Congresswoman Waters Honors the Legacy of President Nelson Mandela
WASHINGTON—Congresswoman Maxine Waters (CA-43), Ranking Member of the House Financial Services Committee, released the following statement in recognition of Nelson Mandela International Day which was commemorated by the United Nations General Assembly in recognition of his lifetime of service in South Africa and all over the world:
“Today, it is with great pride that I join millions of people around the world to honor the life and legacy of South African President Nelson Mandela. In his 95 years of life, President Mandela, or ‘Madiba’ as he was affectionately called, was a revolutionary and transformative leader who forever changed the world through his steadfast dedication to freedom, equality, and human rights. After spending 27 years in prison, Nelson Mandela became the first black South African to be elected President in what was also the first free, multi-racial, democratic election in South African history. While President Mandela used his administration to dismantle apartheid, combat institutional racism, and begin the process of racial reconciliation in his country, his efforts also taught the world the power of one man having the fortitude to sacrifice his own ideals for a cause greater than himself.
“To me, Nelson Mandela is more than a world-renowned hero – I had the distinct honor and privilege of calling him a friend. His leadership of the international anti-apartheid movement encouraged me to take action here in the United States where I served as the Los Angles Chair of the Free South Africa Movement, organized countless anti-apartheid rallies in Los Angeles, led a sit-in at the South African Consulate General Office in Los Angeles, and was even arrested during a protest at the South African Embassy in Washington, DC. As a member of the California State Assembly, I fought for the passage of Assembly Bill 134 which forced California to divest $12 billion in state pension funds tied to the apartheid regime in South Africa.

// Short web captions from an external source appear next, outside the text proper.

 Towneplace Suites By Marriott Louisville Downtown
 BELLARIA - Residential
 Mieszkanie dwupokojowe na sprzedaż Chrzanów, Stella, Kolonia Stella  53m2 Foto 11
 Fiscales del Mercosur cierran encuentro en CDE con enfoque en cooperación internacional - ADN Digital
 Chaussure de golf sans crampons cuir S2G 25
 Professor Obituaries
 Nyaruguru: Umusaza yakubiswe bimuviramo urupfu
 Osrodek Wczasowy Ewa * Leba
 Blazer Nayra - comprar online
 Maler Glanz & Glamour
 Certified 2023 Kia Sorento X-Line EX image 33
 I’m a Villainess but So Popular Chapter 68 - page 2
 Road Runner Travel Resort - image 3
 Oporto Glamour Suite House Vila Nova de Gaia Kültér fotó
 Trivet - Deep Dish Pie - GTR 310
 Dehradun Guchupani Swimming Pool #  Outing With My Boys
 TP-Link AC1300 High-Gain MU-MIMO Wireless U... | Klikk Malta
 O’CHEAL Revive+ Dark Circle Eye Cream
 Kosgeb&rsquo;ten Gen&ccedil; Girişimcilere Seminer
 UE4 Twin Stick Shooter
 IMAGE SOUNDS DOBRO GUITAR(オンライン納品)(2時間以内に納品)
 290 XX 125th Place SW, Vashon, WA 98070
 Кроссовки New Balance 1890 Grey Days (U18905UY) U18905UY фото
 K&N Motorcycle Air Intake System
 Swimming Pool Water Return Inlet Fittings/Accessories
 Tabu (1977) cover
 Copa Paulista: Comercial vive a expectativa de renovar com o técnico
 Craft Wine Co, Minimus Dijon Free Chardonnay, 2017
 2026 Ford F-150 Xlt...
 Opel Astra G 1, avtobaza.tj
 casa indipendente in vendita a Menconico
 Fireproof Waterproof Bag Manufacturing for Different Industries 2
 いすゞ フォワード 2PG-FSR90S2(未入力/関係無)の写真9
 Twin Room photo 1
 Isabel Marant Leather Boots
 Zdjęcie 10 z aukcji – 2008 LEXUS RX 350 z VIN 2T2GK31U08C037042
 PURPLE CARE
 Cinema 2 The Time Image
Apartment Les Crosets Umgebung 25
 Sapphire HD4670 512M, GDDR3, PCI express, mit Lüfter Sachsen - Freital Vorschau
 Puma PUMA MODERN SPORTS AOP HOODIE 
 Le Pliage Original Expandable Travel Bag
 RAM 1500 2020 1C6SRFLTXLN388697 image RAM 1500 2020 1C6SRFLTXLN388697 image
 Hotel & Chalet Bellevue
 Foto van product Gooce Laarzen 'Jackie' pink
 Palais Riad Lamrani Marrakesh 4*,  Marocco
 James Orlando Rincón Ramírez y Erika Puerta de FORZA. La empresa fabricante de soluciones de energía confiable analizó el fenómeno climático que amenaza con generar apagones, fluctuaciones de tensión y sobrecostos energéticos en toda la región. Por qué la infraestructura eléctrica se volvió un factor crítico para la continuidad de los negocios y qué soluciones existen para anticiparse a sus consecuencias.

Additionally, in 1990, I chaired the committee in Los Angles that brought over 90,000 people together in the Los Angeles Memorial Coliseum to welcome Nelson Mandela into the United States, and I also traveled with the official United States delegation to South Africa in 1994 to attend his inauguration as President of South Africa. In 1998, I was honored to welcome President Mandela to the United States once again, this time to receive the U.S. Congressional Gold Medal.
“As we reflect on Nelson Mandela’s memory today, on what would have been his 99th birthday, let us remember when he once said, ‘What counts in life is not the mere fact that we have lived. It is what difference we have made to the lives of others that will determine the significance of the life we lead.' Few embody this quote better than Nelson Mandela himself, and it is my sincere hope that my own career in public service lives up to his extraordinary example.”